Ainda segundo a curadora, a experiência lhe permitiu também se aprofundar nas histórias de cada item usado tradicionalmente por essas mulheres. Ela explica que na sua cultura, existe essa divisão entre as indumentárias que são usadas somente pelas meninas ou pelos meninos. “Na minha cultura, os cocares são para os homens, mas há apenas um cocar que as mulheres usam chamado de Lòrilòri. Para os homens são cinco cocares, um para cada fase da vida”, relata.

Como uma identidade em transformação, da mesma forma que ocorre em diversas etnias indígenas, a cultura Inỹ Karajá passou por processos de assimilação de novos hábitos e costumes, o que acaba por também influenciar nos seus modos de vestir. Atualmente, seus vestires são plurais, somando aspectos tradicionais e contemporâneos.

“Os vestires plurais seriam em todas as formas, tanto no sentido do que era tradicional e com o tempo deixou de ser usado por diversos motivos, como o que resultou dessa interrelação cultural entre indígenas e não-indígenas. É realmente pensar de maneira panorâmica e abrangente, os seus modos de vestir das mais variadas formas, o que mudou a partir da cultura, que é viva”, contextualiza Indyanelle.

Formato digital favorece difusão de conhecimento tradicional

No espaço digital, é possível participar de atividades educativas como os jogos desenvolvidos com exclusividade para a exposição. Num deles, o público pode imprimir o desenho de mulheres Inỹ Karajá em PDF e vesti-las com as indumentárias específicas para cada um dos seus ciclos de vida. Isso porque essas mulheres se vestem de forma distinta em cada faixa etária e de acordo com as suas funções sociais. A ideia era de que esses materiais também pudessem ser usados didaticamente por professores do ensino básico e médio.
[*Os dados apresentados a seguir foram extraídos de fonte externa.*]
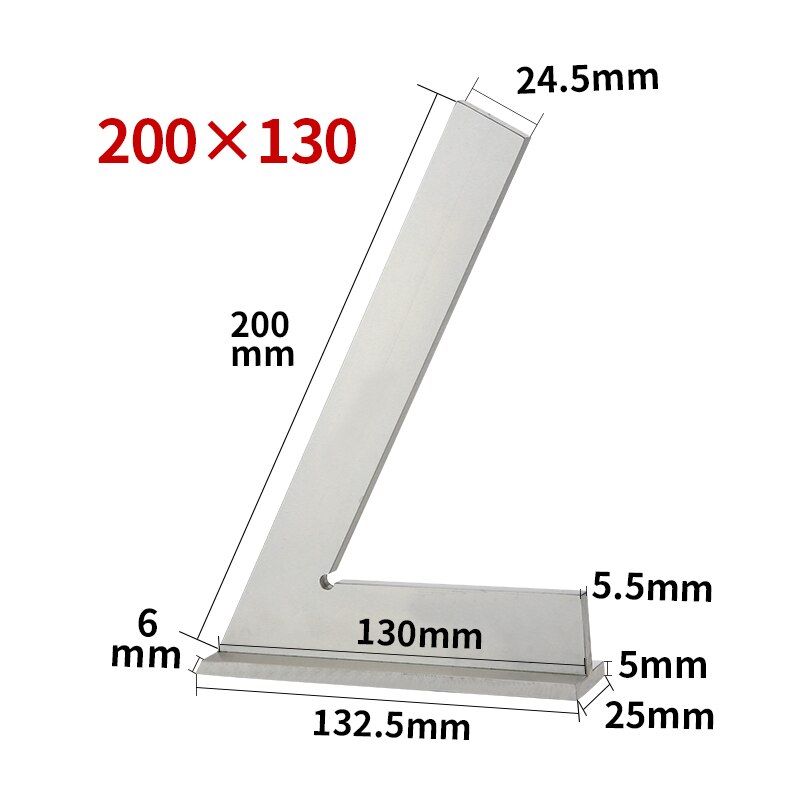 60 Graden Hoek Platte Rand Vierkante Hoek Heerser Metalen Vierkante Heerser Rand Staal Meten Tool Carpenter Vierkante Markering Heerser Gereedschappen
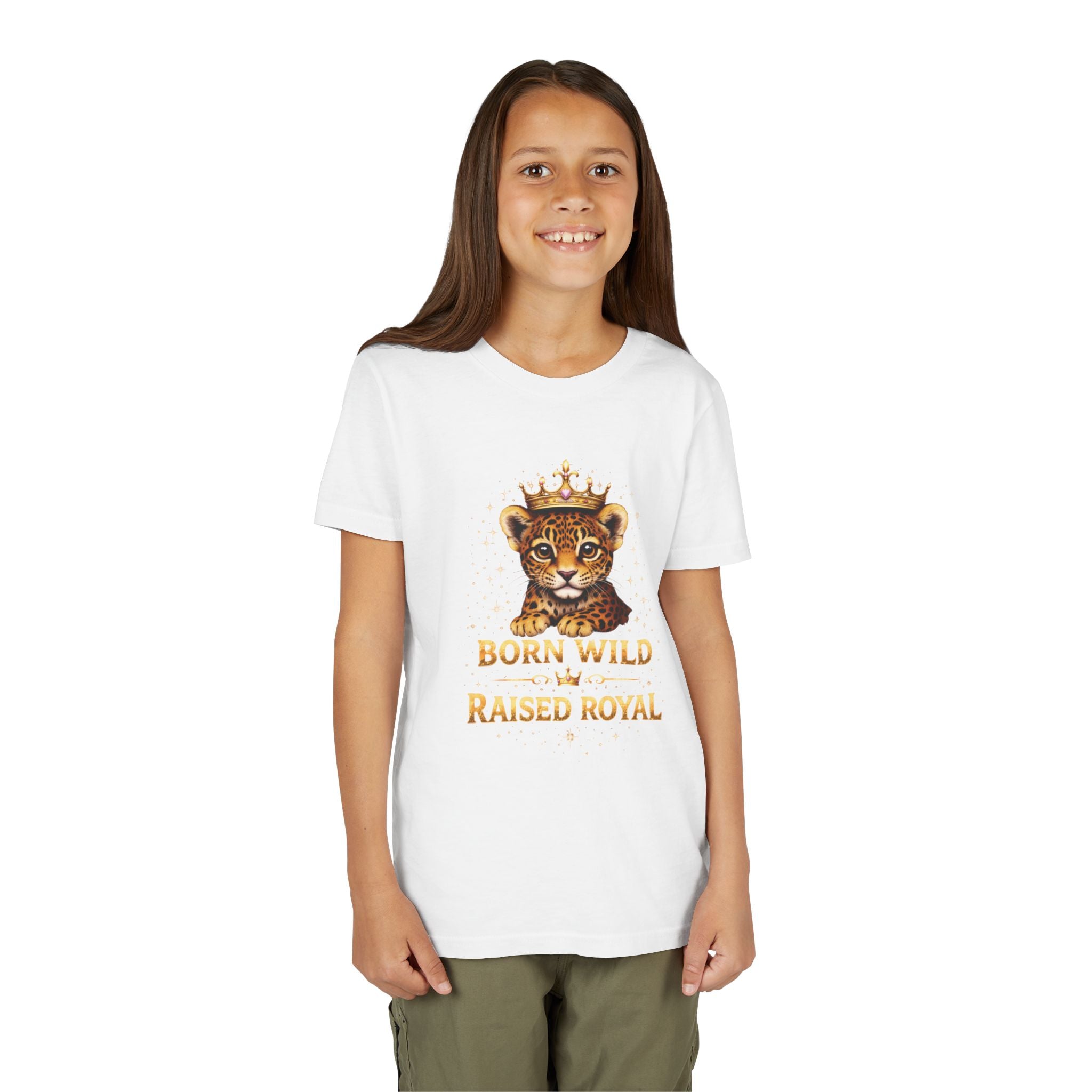 Youth Tee — "Born Wild Raised Royal" Crowned Jaguar Cub Kids T-Shirt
O formato da exposição possibilita a ampliação do acesso a esse conteúdo. Não por acaso, mais de 1.000 visitantes de diversos estados brasileiros e de outros 22 países já acessaram a plataforma digital. “A gente pôde, de alguma forma, mostrar um pouco sobre a nossa cultura. Espero que os leitores tenham gostado também da exposição, porque essa é uma forma de ensinar e aprender”, conclui Tuinaki Koixaru com otimismo.